CineFX (NV30) Inside

August 31, 2003 / by Demirug / page 4 of 7

Shader Backend

The backend unit performs the task of synchronizing the different data paths so all information belonging to one quad can pass the unit again as a unit.

CineFX Shader Backend

After synchronization a few more calculations take place (interpolation of a vertex color, fog, pixel depth) and the texture samples are converted to one of the internal formats (fp32, fp16, fx12), if necessary. Supplemented with values from the register file, this data is passed to the combiners.

Combiners

As mentioned above, the patent doesn't contain any specific information here. Instead, it says that any known technology can be used for the combiners. The only necessity is that the results from the combiners can either be written to the register file or sent on to the ROPs (raster operators). If the pixels need another pass through the pipeline, the shader core gets notified that there is a quad waiting at the end of the pipeline.

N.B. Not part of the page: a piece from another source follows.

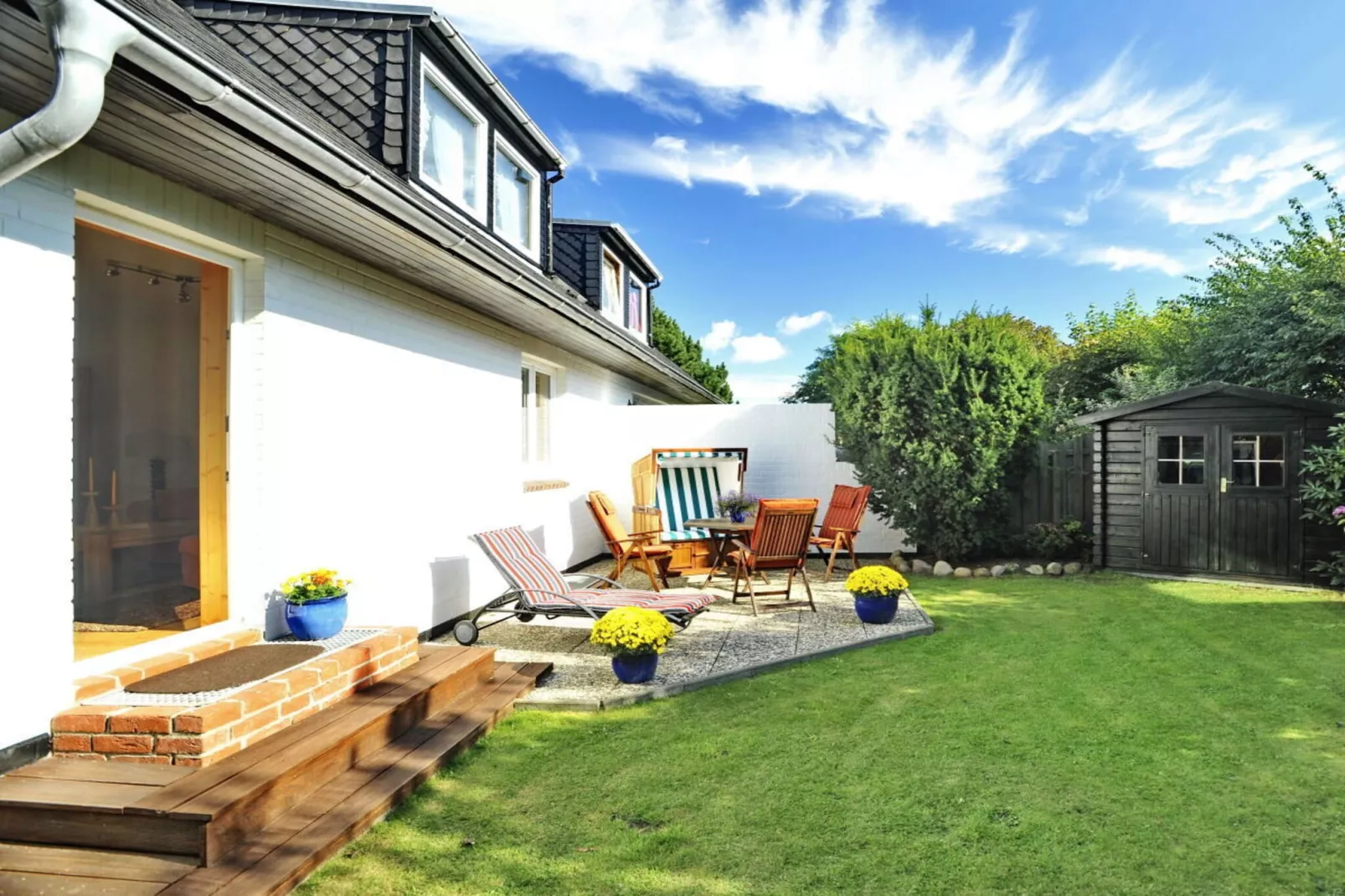 284171-Jardins en été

Gatekeeper and Loopback Control

Though the gatekeeper is at the start of the pipeline, it is described only now because it's function is best understood when you know the rest of the pipeline. The decisions of the gatekeeper have a direct influence on the choice of data source in the first stage of the shader core. In case a shader is as simple as not needing a loopback over the whole pipeline, it will just sit idle and pass on any quads that come from the rasterizer.

However, if loopbacks are necessary, the gatekeeper decides when a quad coming from the rasterizer may enter the pipeline. At first it will let as many quads into the pipeline as possible. From then on it will give clearance to those quads waiting at the end of the pipeline. Then it checks whether there is still space for additioinal quads in the pipeline. If yes, it will pass on quads from the rasterizer until the pipe is filled completely.

After executing the whole shader program, quads leave the pipeline towards the ROPs, leaving space for new quads. We were talking about a filled pipeline, but how many quads exactly fit into it? nVidia chose a flexible approach here. The maximum number of quads present in the pipeline at any one time is the quotient of the size of the reqister file and the amount of memory required for one quad. The memory required per quad depends on the number and format of the temporary registers used in the shader.

Performance Considerations

Everything used to be so much simpler in the past. You just looked how many pipelines a chip had and multiplied that figure with the number of TMUs per pipeline and the chip's clock. That amounts to the texel fillrate, a good performance indicator. Starting with the previous generation of chips (NV2x, R(V)2x0), this rule of thumb began to lose importance. Since the pixel shader units of those chips have been used more as an improved multitexturing unit than anything else, texel fillrate is still very important for those.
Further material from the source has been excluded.